Est-il étonnant que ce musicien se soit un jour lancé dans l’aventure du big band ? Parmi ses paires, viennent à l’esprit Ron Carter (« Pas facile de diriger, on a les deux mains prises tout le temps » disait-il lors d’une interview au journal « Libération »), Dave Holland, Pierre Michelot, Pierre Boussaguet… On trouve donc pas mal de contrebassistes-leaders de grand orchestre, et si Christian McBride s’ajoute à la liste, sa présence laissera des traces.

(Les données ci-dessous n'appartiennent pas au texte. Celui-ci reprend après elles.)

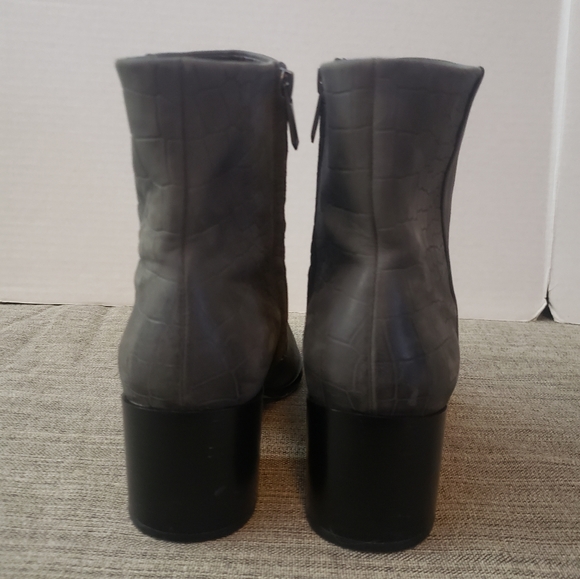 Sam Edelman Joey Steel Gray Croc Embossed Ankle Boots - Picture 8 of 9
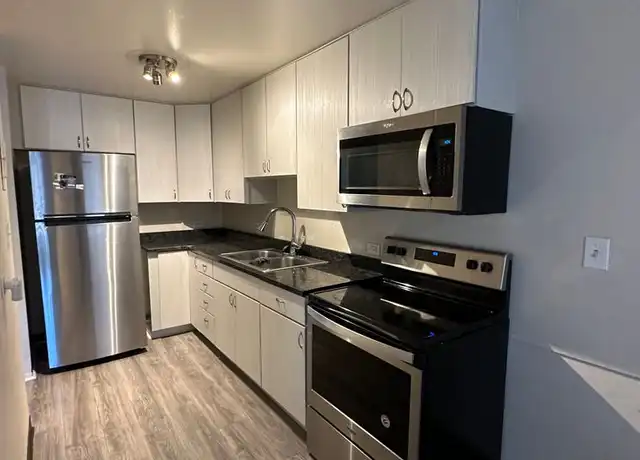 Property at 5532 S Grant St Unit 3, Littleton, CO, 80121, 1 bed, 1 bath, [object Object]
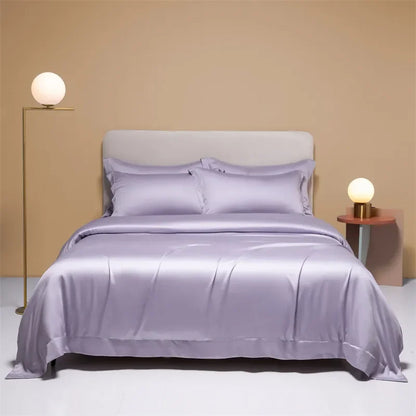 Luxury mulberry silk duvet cover in solid color with smooth texture, size options 150x200 or 240x260, from MC The Black Diamonds.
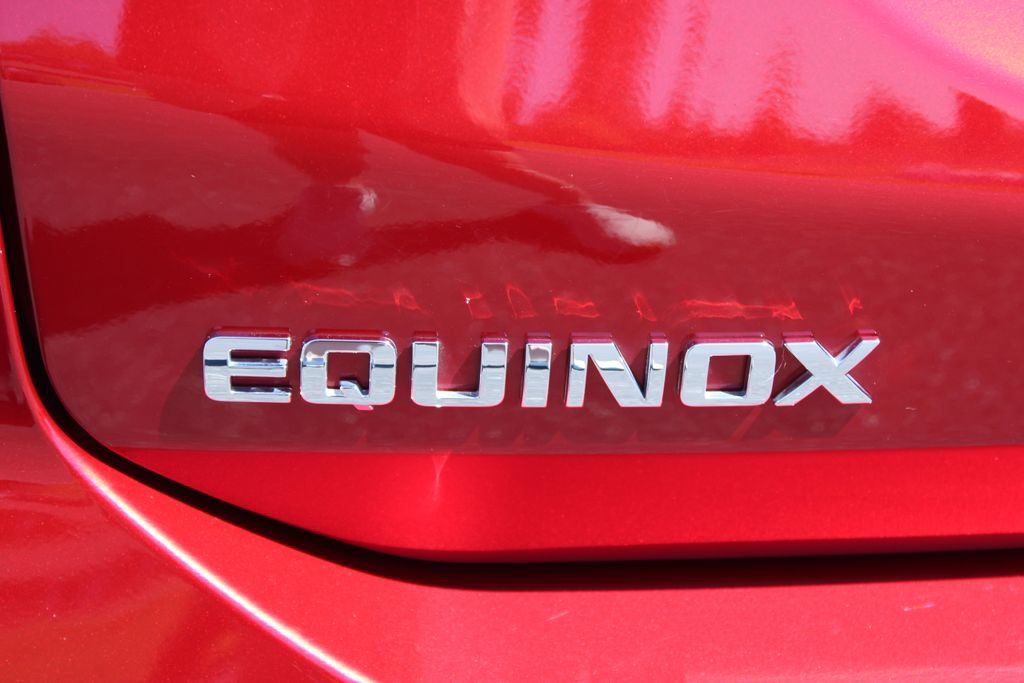 Used 2023 Chevrolet Equinox Premier AWD/4WD image 14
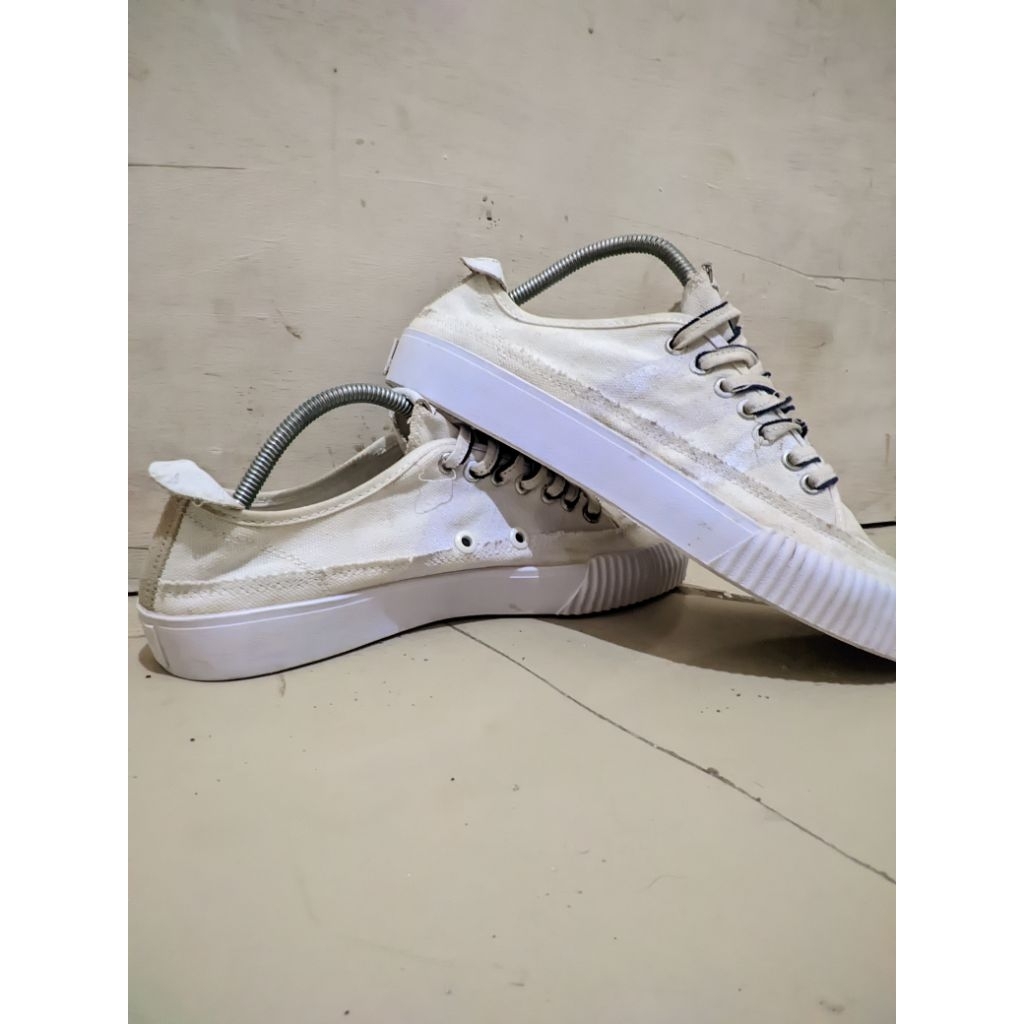 SEPATU ADIDAS PRELOVED SZ 43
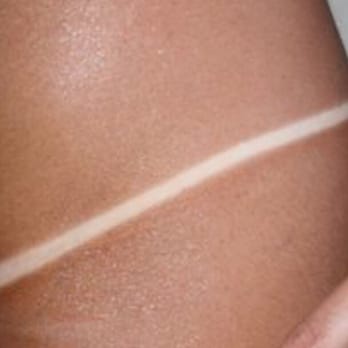 The Bronze Babe - Tan lines - Spray Tanning Near Me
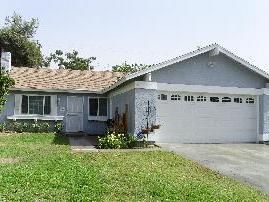 3br - COZY CUTZY HOME!! in Redlands, CA (Photo 2 of 4)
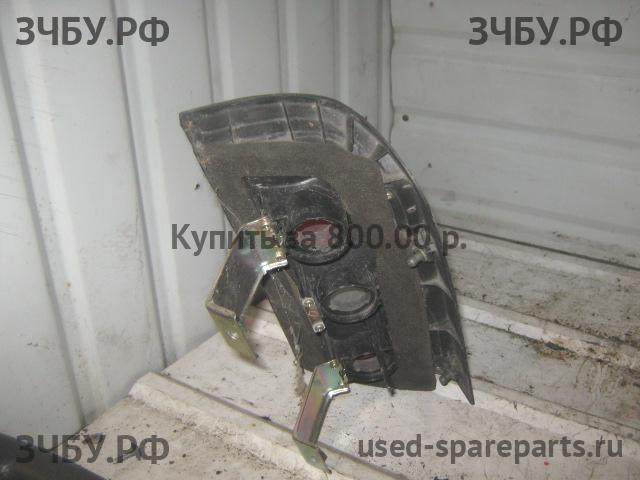 Nissan Patrol (Y61) Фонарь левый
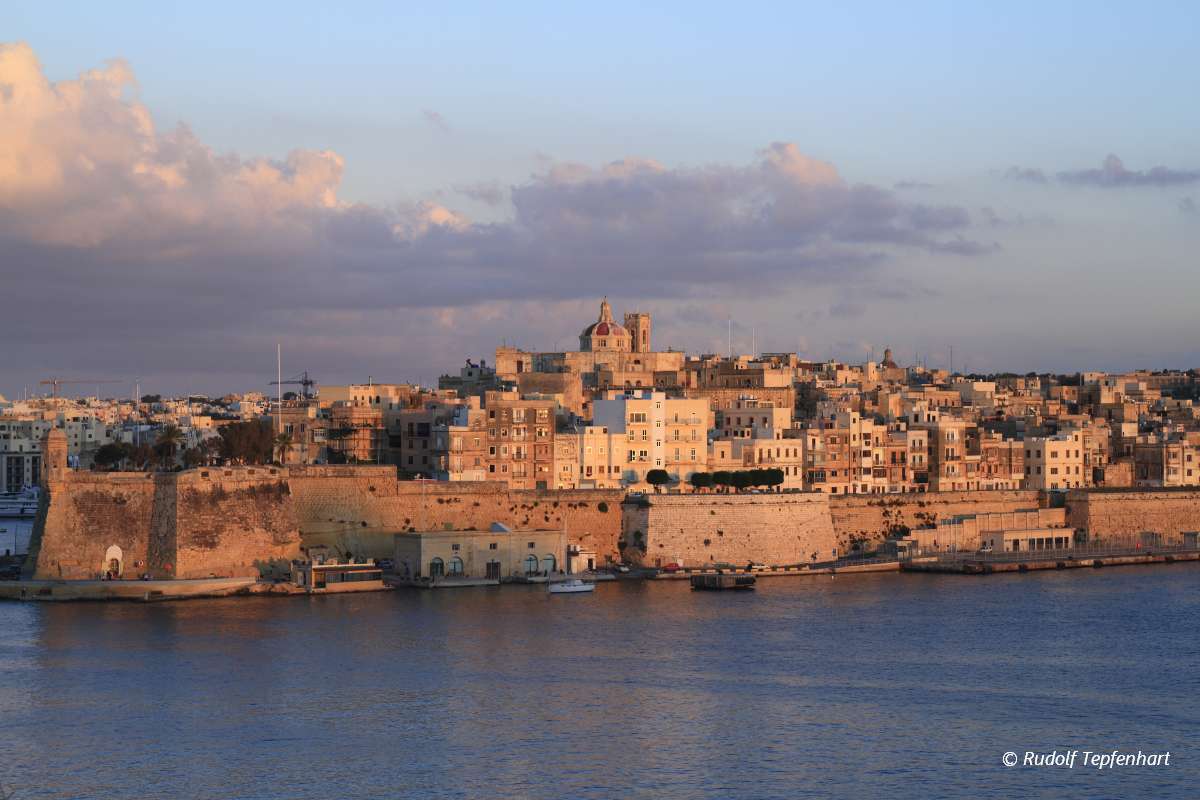 View of the Grand harbor and Fort Saint Angelo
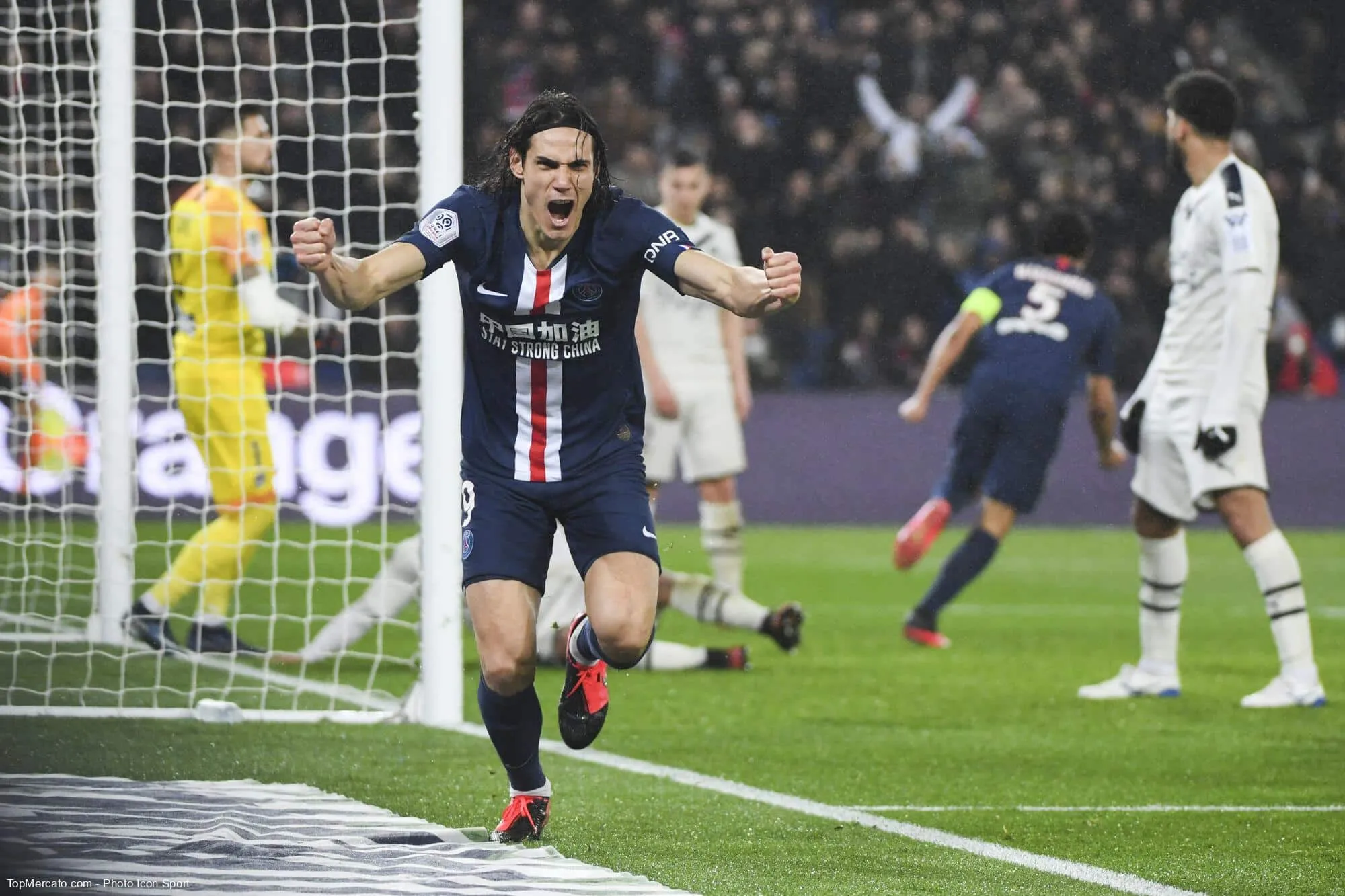 Pour quelle somme le PSG a recruté Edinson Cavani à Naples en 2013, avant de voir l’Uruguayen partir libre en 2020 ?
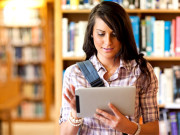 موبائل فون پڑھا رہا ہے 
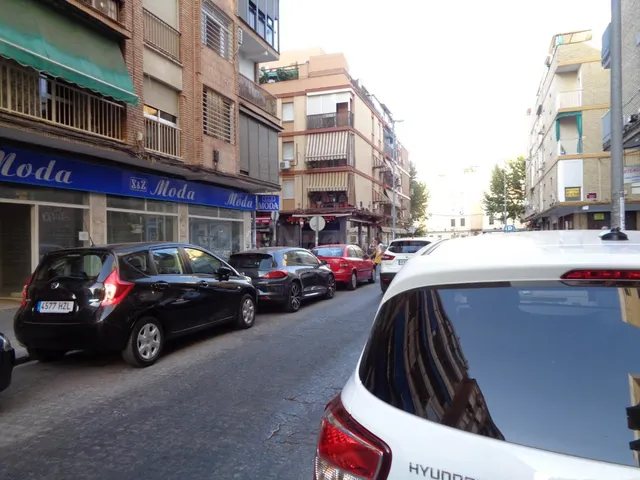 Local comercial 65m² en alquiler - Av. Barcelona - Viñuela - - foto 3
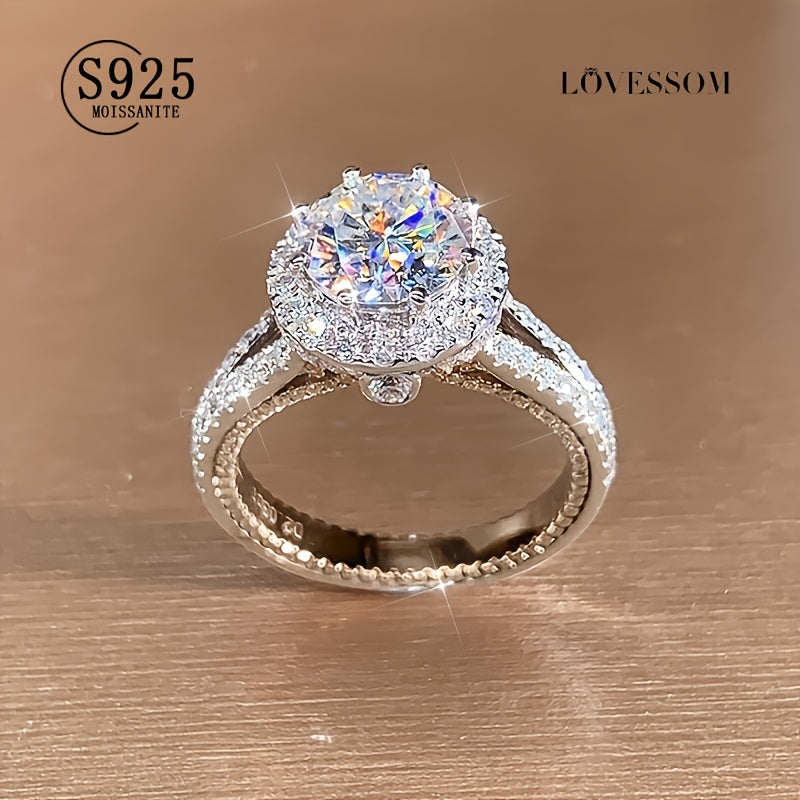LOVSSOM Elegant 2 Carat Moissanite to'y uzuk bilan hashamatni his eting. 925 Sterling Silver bilan tayyorlangan, bu to'ylar, yubileylarga va maxsus tadbirlarga ideal tanlovdir. Mukammal taqdimot uchun go'zal sovg'a qutisida keladi.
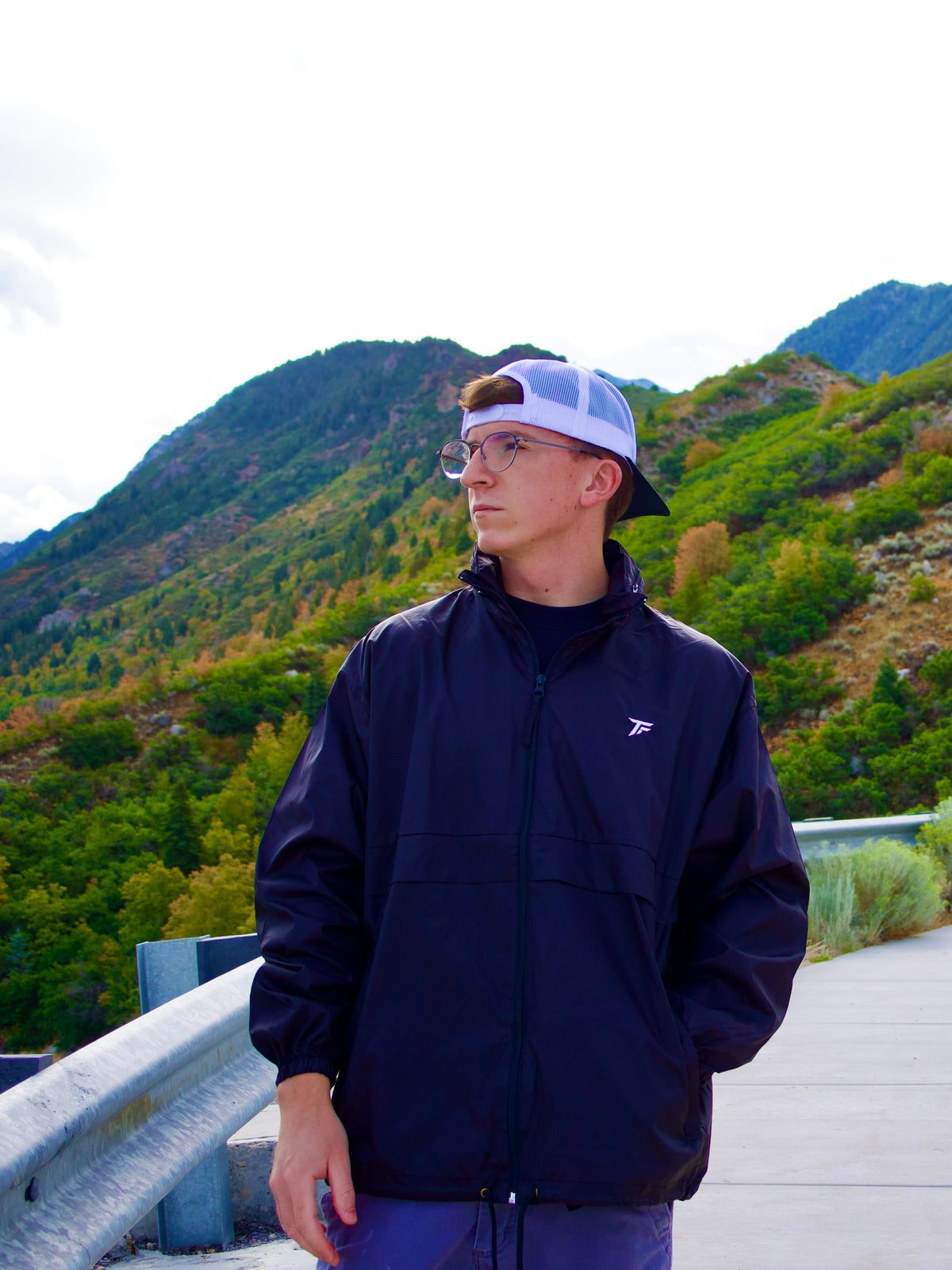 Motion Windbreaker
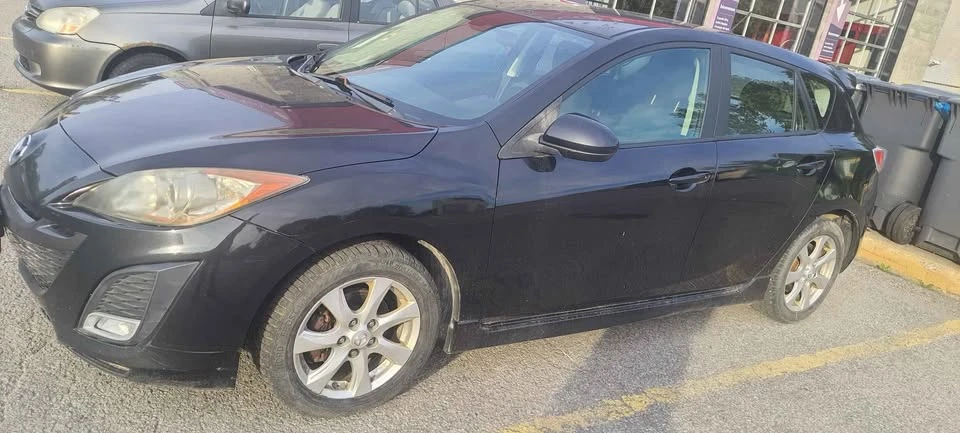 Mazda Mazda 3 - Image 3 of 5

Avec ce « For Jimmy, Wes and Oliver », le contrebassiste rend hommage à trois grandes figures du jazz : Wes Montgomery dont il reprend « Road Song », Jimmy Forest avec « Night Train » et Oliver Nelson, arrangeur du traditionnel « Down By The Riverside » et de « Milestone ». Sept thèmes en big band, mais aussi trois en quartet – avec Joey de Francesco, Mark Whitfield et Quincy Phillips : la merveilleuse valse de Freddie Hubbard « Up Jump Spring », la ballade de Ray Noble « The Very Thought of You », le thème fétiche de Coltrane, composition de Billy Eckstine « I Wanna Talk About You » et une compo de De Francesco « Don Is ». Voilà pour le menu. Pour ce qui est dans l’assiette, on se délecte de bout en bout.
Sur « Night Train », McBride conserve le riff d’origine et la sonorité ellingtonienne du thème (Jimmy Forest était membre de l’orchestre d’Ellington lorsqu’il composa ce thème). Mark Whitfield se fond à merveille dans l’esprit Wes Montgomery sur « Road Song », une de ses grandes influences. Sur tempo medium, De Francesco régale sur la valse de Freddie Hubbard, tout comme sur la version veloutée de « The Very Thought of You » où McBride prend un beau solo à l’archet. Deux arrangements d’Oliver Nelson sur le standard de Miles Davis « Milestone » et un « Down by the Riverside », très enlevé où encore une fois Joey de Francesco (« my oldest friend in music » dit Christian McBride) s’impose comme le plus grand organiste Hammond de ces vingt dernières années. L’album baigne dans le blues sur les deux derniers thèmes, une composition de Mark Whitfield d’abord, « Medgar Evers’ Blues » où le big band se passe de la section de saxophones, et en clôture « Pie Blues » co-composé par De Francesco et McBride.
Un album empreint d’une réjouissante tradition et qui donne du plaisir de bout en bout.